8. Ela tem o cabelo curto e um olhar aconchegante. Acabo de entrar na faculdade, estou insegura e enclausurada em mim mesma. Tenho 18, ela tem 35. Quase toda semana converso com ela depois das aulas. Trocamos indicações de livros e músicas, falamos sobre arte, Clarice, vida, ela me envia e-mails bonitos e eu respondo com confissões súbitas, como se não fosse minha professora. Seu nome é um nome que eu nunca ouvi antes, todos os dias seguro ele na ponta da língua, feito um segredo.
9. Nós nos conhecemos em uma comunidade no Orkut. Ela tem um nariz de pássaro e uma voz amadeirada. Conversamos por escrito, por áudio, nos vemos pela câmera do MSN. Junto minhas economias e planejo ir a São Paulo só pra encontrar com ela. Enquanto não acontece, ouço Tegan and Sara no repeat e desenho seu rosto nas páginas dos meus cadernos.

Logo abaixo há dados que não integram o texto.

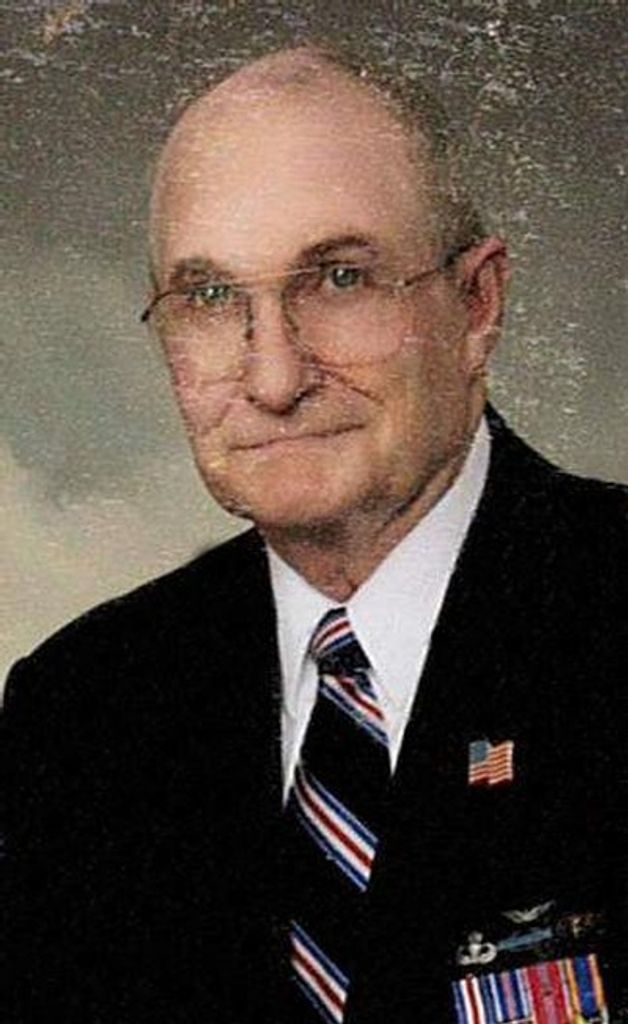 Rayburn "Ray" Farmer Profile Photo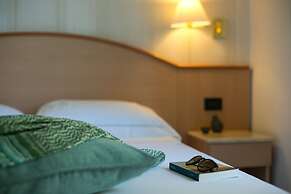 Arc en Ciel Hotel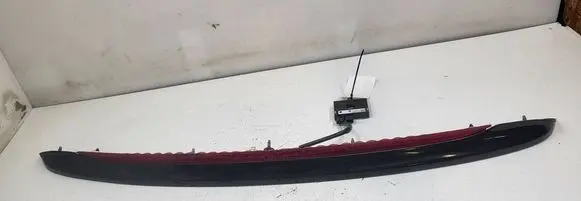 Peugeot 308cc Third/center stoplight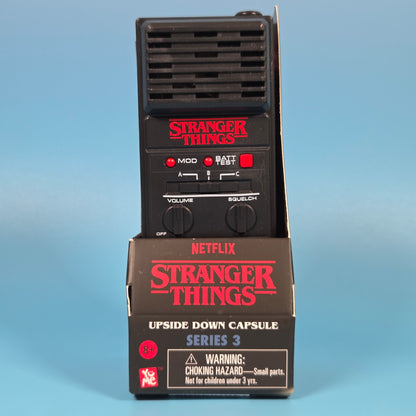 YuMe Stranger Things Capsule Series 3 - Dustin Henderson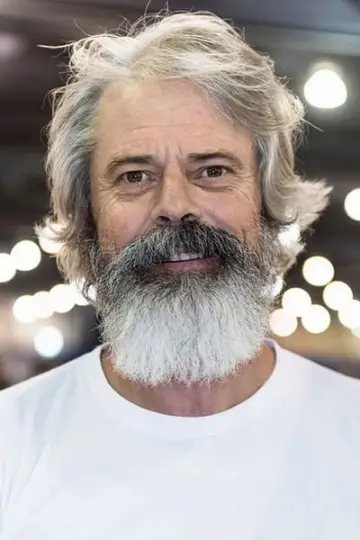 Zdjęcie C. Thomas Howell #22910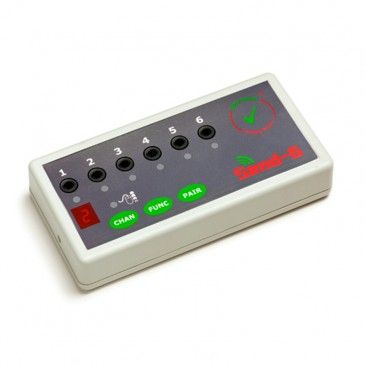 SimplyWorks Send-6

10. Lésbica, ela diz, e é uma palavra tão bonita em sua boca, parece imensa, encorpada, acesa. Nós trabalhamos juntas em uma livraria, e às vezes ela me arrasta pro estoque e me beija até eu esquecer que estou trabalhando. Sou demitida. Os beijos ficam lá, escondidos entre os livros.
11. Sinto que a voz dela falando sobre a literatura portuguesa é um dos sons mais bonitos do mundo. Suas mãos são delicadas, ela é toda sutileza e suavidade. Eu, bruta, tenho vontade de engolir sua formalidade. Esqueço que é minha orientadora. Enquanto ela fala sobre a minha monografia, eu penso em fazer como nos filmes, empurrar toda a louça da mesa pra longe, pular sobre ela, beijá-la com ferocidade como se fosse o último dia do mundo.

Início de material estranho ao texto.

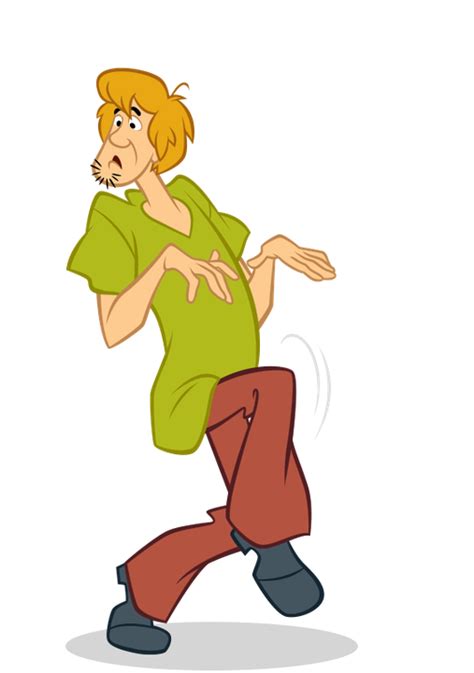 Shaggy Scooby Doo Png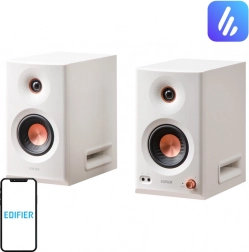 Zvučnici Edifier MR5 bijele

12. Conversamos pela internet. Ela anuncia diretamente: “você me interessa”, e sua coragem vertiginosa me deixa hipnotizada. Em um café dentro de uma livraria, passamos horas entre abraços e risos e beijos. Dois homens em mesas próximas estão claramente incomodados. Saímos do restaurante e andamos pelas ruas do Leblon de mãos dadas. No ponto de ônibus, um outro homem faz um comentário e sinto medo. Mais tarde, penso que não queria ter largado a mão dela quando ele se aproximou.
13. Respondo às outras questões e deixo aquela por último. Depois volto, releio, repenso, me irrito. Não sei qual é a necessidade dessa pergunta nesse formulário (embora, sim, racionalmente eu saiba tudo sobre a necessidade dessa pergunta em muitos formulários). Passeio com a caneta sobre as palavras: orientação sexual. Tenho vontade de gritar, dizer que não quero responder nada. Mas respondo. A caneta treme um pouco na minha mão. Quando saio, passo pelo espelho e encaro meu próprio rosto. Ainda há muitas pontas soltas, mas parece que uma inquietação antiga acaba de ser respondida. Respiro fundo e meu peito se alarga. O dia cheira a alívio.
Queria ter enviado esse texto ainda em setembro, mês da visibilidade bissexual, MAS até ontem eu estava engolida pela mistura de Correria & Desespero que foi a inscrição para o doutorado. Com sorte (e considerando que eu não tenha deixado de anexar nenhum documento importante), o processo ainda vai continuar até novembro, então mais correrias me aguardam. Mas, por ora, sigo feliz por ter conseguido terminar essa primeira etapa.
Creio eu que uma coisa que une as experiências de mulheres que gostam de mulheres é esse sentimento frequente de que estamos prendendo a respiração, não sei. Textos como o teu aliviam demais esse sentimento. Muito obrigada por compartilhar :)
tô aqui meses depois deste texto ter sido publicado, imaginando que a sua atenção esteja voltada para o doutorado. nunca vivi, mas (em certa medida), entendo. espero que você faça um passeio porque aqui de novo qualquer dia desses... foi bonito sentir um pouco das suas emoções aqui do outro lado da tela.